▽
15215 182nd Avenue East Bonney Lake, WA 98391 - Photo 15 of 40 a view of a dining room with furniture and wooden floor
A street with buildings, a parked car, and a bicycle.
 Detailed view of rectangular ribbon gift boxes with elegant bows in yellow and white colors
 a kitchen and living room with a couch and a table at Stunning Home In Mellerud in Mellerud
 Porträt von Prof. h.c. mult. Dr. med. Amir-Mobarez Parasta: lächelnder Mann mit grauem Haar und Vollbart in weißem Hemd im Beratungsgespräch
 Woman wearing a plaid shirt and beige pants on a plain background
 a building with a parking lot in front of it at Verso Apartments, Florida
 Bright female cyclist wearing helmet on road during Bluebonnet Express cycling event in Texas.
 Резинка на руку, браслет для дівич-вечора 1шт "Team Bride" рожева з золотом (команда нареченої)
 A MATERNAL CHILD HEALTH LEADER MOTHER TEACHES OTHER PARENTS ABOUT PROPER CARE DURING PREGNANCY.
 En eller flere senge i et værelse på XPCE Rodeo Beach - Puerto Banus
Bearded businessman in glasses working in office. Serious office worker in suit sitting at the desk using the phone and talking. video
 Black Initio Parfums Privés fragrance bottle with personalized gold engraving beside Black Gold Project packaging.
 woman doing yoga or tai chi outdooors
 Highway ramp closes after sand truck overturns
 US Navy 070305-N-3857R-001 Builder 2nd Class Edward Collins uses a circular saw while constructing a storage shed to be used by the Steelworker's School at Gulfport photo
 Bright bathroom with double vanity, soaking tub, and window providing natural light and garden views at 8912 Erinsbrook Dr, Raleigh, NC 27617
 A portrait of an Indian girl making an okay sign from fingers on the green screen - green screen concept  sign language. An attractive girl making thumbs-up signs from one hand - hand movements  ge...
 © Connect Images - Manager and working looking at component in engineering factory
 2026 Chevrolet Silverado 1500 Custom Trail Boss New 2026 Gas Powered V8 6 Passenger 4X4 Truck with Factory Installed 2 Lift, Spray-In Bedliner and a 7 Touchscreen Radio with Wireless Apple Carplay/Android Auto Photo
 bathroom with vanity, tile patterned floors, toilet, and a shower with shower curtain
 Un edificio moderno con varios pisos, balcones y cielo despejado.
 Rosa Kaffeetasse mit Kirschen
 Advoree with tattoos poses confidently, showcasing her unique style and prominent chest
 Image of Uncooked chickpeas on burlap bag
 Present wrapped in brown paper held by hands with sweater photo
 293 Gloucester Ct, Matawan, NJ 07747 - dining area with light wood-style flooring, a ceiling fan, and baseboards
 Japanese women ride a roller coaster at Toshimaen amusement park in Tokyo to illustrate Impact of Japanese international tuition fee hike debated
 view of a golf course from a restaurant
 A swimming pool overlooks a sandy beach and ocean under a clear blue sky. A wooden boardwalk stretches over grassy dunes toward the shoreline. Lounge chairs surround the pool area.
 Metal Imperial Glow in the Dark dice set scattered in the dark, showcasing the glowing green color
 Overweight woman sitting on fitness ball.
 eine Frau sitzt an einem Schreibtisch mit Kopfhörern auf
△
## WHAT THIS TASK INVOLVES
Output the whole listing again, keeping every line identical.

## EXERCISE RESULT
15215 182nd Avenue East Bonney Lake, WA 98391 - Photo 15 of 40 a view of a dining room with furniture and wooden floor
A street with buildings, a parked car, and a bicycle.
 Detailed view of rectangular ribbon gift boxes with elegant bows in yellow and white colors
 a kitchen and living room with a couch and a table at Stunning Home In Mellerud in Mellerud
 Porträt von Prof. h.c. mult. Dr. med. Amir-Mobarez Parasta: lächelnder Mann mit grauem Haar und Vollbart in weißem Hemd im Beratungsgespräch
 Woman wearing a plaid shirt and beige pants on a plain background
 a building with a parking lot in front of it at Verso Apartments, Florida
 Bright female cyclist wearing helmet on road during Bluebonnet Express cycling event in Texas.
 Резинка на руку, браслет для дівич-вечора 1шт "Team Bride" рожева з золотом (команда нареченої)
 A MATERNAL CHILD HEALTH LEADER MOTHER TEACHES OTHER PARENTS ABOUT PROPER CARE DURING PREGNANCY.
 En eller flere senge i et værelse på XPCE Rodeo Beach - Puerto Banus
Bearded businessman in glasses working in office. Serious office worker in suit sitting at the desk using the phone and talking. video
 Black Initio Parfums Privés fragrance bottle with personalized gold engraving beside Black Gold Project packaging.
 woman doing yoga or tai chi outdooors
 Highway ramp closes after sand truck overturns
 US Navy 070305-N-3857R-001 Builder 2nd Class Edward Collins uses a circular saw while constructing a storage shed to be used by the Steelworker's School at Gulfport photo
 Bright bathroom with double vanity, soaking tub, and window providing natural light and garden views at 8912 Erinsbrook Dr, Raleigh, NC 27617
 A portrait of an Indian girl making an okay sign from fingers on the green screen - green screen concept  sign language. An attractive girl making thumbs-up signs from one hand - hand movements  ge...
 © Connect Images - Manager and working looking at component in engineering factory
 2026 Chevrolet Silverado 1500 Custom Trail Boss New 2026 Gas Powered V8 6 Passenger 4X4 Truck with Factory Installed 2 Lift, Spray-In Bedliner and a 7 Touchscreen Radio with Wireless Apple Carplay/Android Auto Photo
 bathroom with vanity, tile patterned floors, toilet, and a shower with shower curtain
 Un edificio moderno con varios pisos, balcones y cielo despejado.
 Rosa Kaffeetasse mit Kirschen
 Advoree with tattoos poses confidently, showcasing her unique style and prominent chest
 Image of Uncooked chickpeas on burlap bag
 Present wrapped in brown paper held by hands with sweater photo
 293 Gloucester Ct, Matawan, NJ 07747 - dining area with light wood-style flooring, a ceiling fan, and baseboards
 Japanese women ride a roller coaster at Toshimaen amusement park in Tokyo to illustrate Impact of Japanese international tuition fee hike debated
 view of a golf course from a restaurant
 A swimming pool overlooks a sandy beach and ocean under a clear blue sky. A wooden boardwalk stretches over grassy dunes toward the shoreline. Lounge chairs surround the pool area.
 Metal Imperial Glow in the Dark dice set scattered in the dark, showcasing the glowing green color
 Overweight woman sitting on fitness ball.
 eine Frau sitzt an einem Schreibtisch mit Kopfhörern auf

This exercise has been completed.